(Collection entries)
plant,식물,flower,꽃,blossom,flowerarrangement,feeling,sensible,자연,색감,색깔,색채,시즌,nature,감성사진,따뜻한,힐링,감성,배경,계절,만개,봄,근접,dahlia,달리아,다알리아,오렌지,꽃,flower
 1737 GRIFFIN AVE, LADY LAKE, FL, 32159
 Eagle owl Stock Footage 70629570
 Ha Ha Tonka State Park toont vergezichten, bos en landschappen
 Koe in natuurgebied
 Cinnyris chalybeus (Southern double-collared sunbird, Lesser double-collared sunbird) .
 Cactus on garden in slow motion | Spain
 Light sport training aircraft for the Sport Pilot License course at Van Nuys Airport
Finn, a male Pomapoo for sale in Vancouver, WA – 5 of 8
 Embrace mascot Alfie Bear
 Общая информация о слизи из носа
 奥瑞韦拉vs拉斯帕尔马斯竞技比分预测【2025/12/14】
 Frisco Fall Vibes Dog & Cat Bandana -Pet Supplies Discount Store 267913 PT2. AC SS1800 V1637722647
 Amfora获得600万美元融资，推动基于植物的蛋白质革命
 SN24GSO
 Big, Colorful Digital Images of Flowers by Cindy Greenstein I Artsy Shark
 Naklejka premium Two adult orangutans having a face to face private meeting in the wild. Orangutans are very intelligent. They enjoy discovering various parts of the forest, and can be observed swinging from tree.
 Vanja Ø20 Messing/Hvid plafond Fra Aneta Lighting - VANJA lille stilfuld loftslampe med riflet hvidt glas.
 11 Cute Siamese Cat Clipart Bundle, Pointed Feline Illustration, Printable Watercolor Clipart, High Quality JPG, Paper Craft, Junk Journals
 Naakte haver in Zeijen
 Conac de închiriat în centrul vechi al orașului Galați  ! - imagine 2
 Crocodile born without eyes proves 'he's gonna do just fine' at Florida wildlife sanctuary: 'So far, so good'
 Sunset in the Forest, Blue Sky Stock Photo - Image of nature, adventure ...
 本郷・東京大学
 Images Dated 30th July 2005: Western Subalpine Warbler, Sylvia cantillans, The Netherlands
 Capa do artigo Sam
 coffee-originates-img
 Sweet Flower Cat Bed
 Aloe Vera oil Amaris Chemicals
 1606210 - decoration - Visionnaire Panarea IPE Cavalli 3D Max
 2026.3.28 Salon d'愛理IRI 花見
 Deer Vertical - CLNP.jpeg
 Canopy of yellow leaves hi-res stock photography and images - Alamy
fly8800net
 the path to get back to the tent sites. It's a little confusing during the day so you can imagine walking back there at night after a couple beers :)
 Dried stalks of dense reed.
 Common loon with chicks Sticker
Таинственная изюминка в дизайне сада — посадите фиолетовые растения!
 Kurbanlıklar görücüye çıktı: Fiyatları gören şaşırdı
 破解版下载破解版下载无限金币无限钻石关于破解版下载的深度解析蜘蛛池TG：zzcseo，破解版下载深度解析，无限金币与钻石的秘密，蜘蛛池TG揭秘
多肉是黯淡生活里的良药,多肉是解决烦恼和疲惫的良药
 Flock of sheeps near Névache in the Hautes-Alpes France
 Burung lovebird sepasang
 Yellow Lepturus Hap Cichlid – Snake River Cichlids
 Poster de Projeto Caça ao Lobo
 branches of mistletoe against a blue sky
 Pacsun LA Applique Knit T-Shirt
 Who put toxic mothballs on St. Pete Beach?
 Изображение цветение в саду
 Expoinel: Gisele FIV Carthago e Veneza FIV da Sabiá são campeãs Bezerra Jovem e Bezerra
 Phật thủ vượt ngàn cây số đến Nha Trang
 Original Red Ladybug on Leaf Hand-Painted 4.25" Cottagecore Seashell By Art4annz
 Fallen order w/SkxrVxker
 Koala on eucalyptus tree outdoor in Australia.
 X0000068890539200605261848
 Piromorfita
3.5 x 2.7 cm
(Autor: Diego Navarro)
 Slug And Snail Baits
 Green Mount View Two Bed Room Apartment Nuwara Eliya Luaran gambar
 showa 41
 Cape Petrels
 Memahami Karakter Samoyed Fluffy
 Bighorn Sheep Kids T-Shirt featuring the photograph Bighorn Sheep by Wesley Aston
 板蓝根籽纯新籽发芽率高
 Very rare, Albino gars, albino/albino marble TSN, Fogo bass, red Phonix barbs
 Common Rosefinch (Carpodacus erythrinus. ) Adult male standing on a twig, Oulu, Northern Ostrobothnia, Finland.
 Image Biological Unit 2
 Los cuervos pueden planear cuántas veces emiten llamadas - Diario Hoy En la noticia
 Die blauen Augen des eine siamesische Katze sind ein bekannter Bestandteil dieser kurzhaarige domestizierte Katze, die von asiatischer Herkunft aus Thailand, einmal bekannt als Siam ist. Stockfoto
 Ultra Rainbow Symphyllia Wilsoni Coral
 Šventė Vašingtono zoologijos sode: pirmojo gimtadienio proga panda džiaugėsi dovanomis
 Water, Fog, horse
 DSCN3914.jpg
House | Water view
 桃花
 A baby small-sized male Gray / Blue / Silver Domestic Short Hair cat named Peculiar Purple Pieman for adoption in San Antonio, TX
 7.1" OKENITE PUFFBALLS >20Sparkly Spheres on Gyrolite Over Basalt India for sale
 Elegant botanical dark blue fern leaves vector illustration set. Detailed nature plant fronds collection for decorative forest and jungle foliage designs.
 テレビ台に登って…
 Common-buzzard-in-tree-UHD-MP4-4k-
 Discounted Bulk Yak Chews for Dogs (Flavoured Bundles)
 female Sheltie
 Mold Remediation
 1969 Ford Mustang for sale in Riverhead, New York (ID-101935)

Activity:
Say how many lines in the records above hold "tree", and give no other text.

Task result:
3